Religion and Education

October 15, 2009

Author Dr. Chris Myers Asch to speak Monday at Berea College

BEREA — Dr. Chris Myers Asch, founder of the U.S. Public Service Academy and author of a new book about civil rights struggles in Mississippi, will be the speaker for the next “Tukule, Tusome: To Eat, To Learn Lecture Series” event at Berea College on Monday from 11:45 a.m. to 1 p.m. the Commons of the Woods-Penniman Building.

Sponsored by Berea College’s Black Cultural Center, the event is free and open to the public. A light lunch is provided at no charge.

Asch’s talk on “The Senator and the Sharecropper: The Freedom Struggles of James O. Eastland and Fannie Lou Hamer” will draw from his recently published book of the same name.

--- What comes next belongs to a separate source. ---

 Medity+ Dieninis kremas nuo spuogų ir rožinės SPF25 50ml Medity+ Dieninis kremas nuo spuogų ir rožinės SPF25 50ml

On Monday afternoon, from 4:30 to 5:15 p.m., Asch will be the guest at a reception and sign copies of his book in Berea’s Black Cultural Center, in room 206 of the Alumni Building.

Chris Myers Asch taught elementary and middle school for three years in Sunflower, Miss., with Teach For American/Americorps. In 1998, he co-founded the Sunflower County Freedom Project, an intensive academic enrichment and leadership development program for middle and high school students. Asch ran the Freedom Project for seven years before leaving in the summer of 2006 to launch the U.S. Public Service Academy, an undergraduate institution modeled on the military academies, but with a mission to develop civilian leaders for public service.

Asch, who holds a Ph.D in American History from the University of North Carolina at Chapel Hill, serves as the coordinator of the Center for Urban Education and the co-director of the Honors Program at the University of the District of Columbia, and continues to lead establishment of the Academy.

“The Senator and the Sharecropper: The Freedom Struggles of James O. Eastland and Fannie Lou Hamer” is Asch’s first book, published in 2008. Set against the backdrop of Sunflower County, Miss., the book tells how two pivotal figures — U.S. Senator from Mississippi Eastland and sharecropper Fannie Hamer — came to confront one another on the national political stage at the height of the civil rights struggle in the 1960s. The book has earned the Liberty Legacy Foundation Prize from the Organization of American Historians and the McLemore Prize from the Mississippi Historical Society.